**DATASET ENTRIES**.
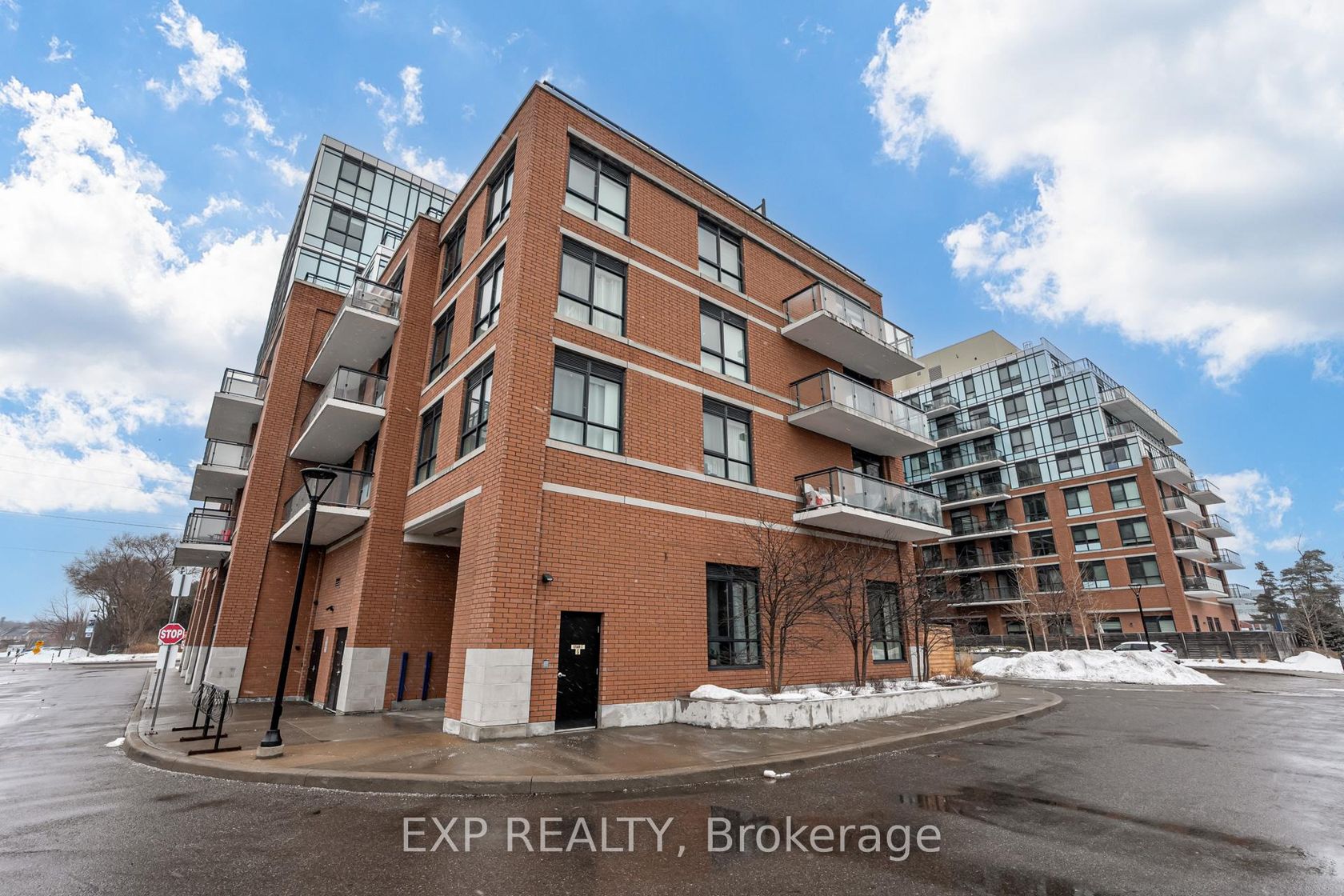 317 - 11611 Yonge Street, Jefferson, Richmond Hill 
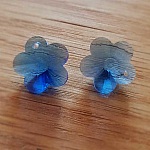 Blomsteranheng laget av fasettert glass N°04-03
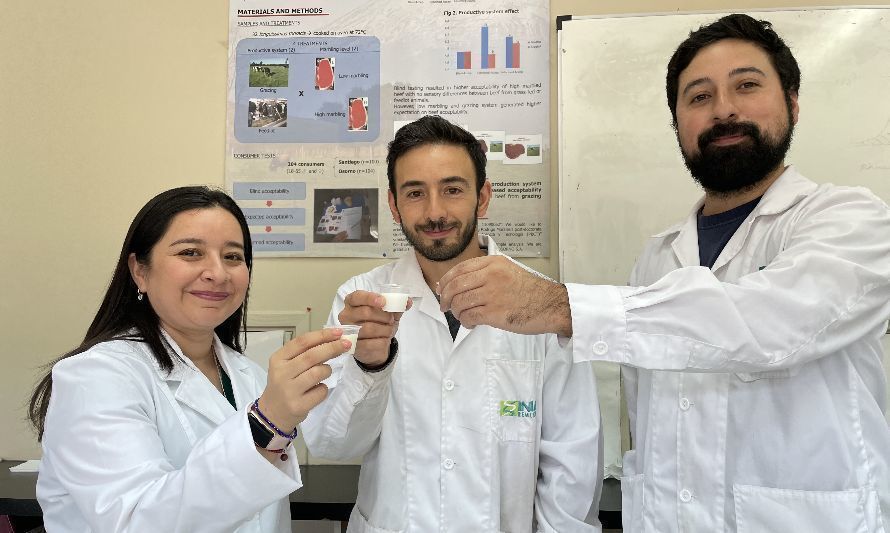 Investigadores de INIA realizan evaluación sensorial de 4 tipos distintos de leche con consumidores de Santiago
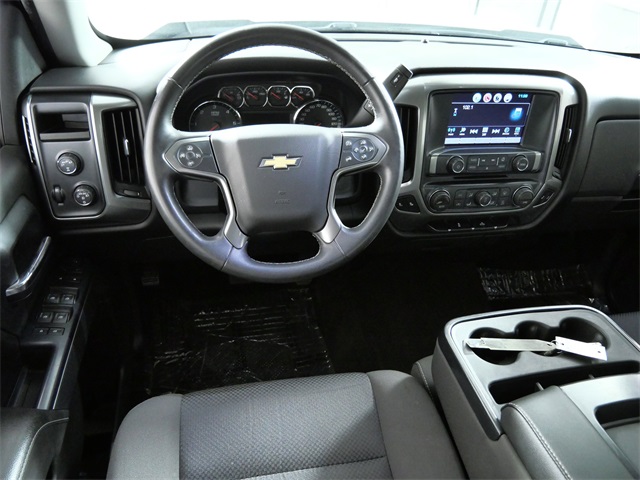2017 Chevrolet Silverado 1500 LT photo 4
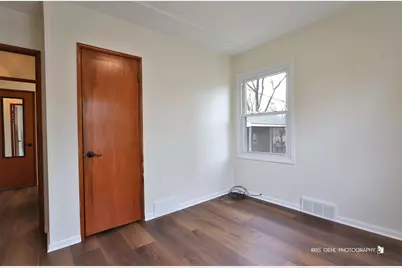 2207 Emmaus Avenue, Zion, IL 60099 - Photo 10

**ACTION ITEM**. Because only the text is wanted, copy each record above precisely and omit its pictures.

**RESULT FOR THIS TASK**.
 317 - 11611 Yonge Street, Jefferson, Richmond Hill 
 Blomsteranheng laget av fasettert glass N°04-03
 Investigadores de INIA realizan evaluación sensorial de 4 tipos distintos de leche con consumidores de Santiago
2017 Chevrolet Silverado 1500 LT photo 4
 2207 Emmaus Avenue, Zion, IL 60099 - Photo 10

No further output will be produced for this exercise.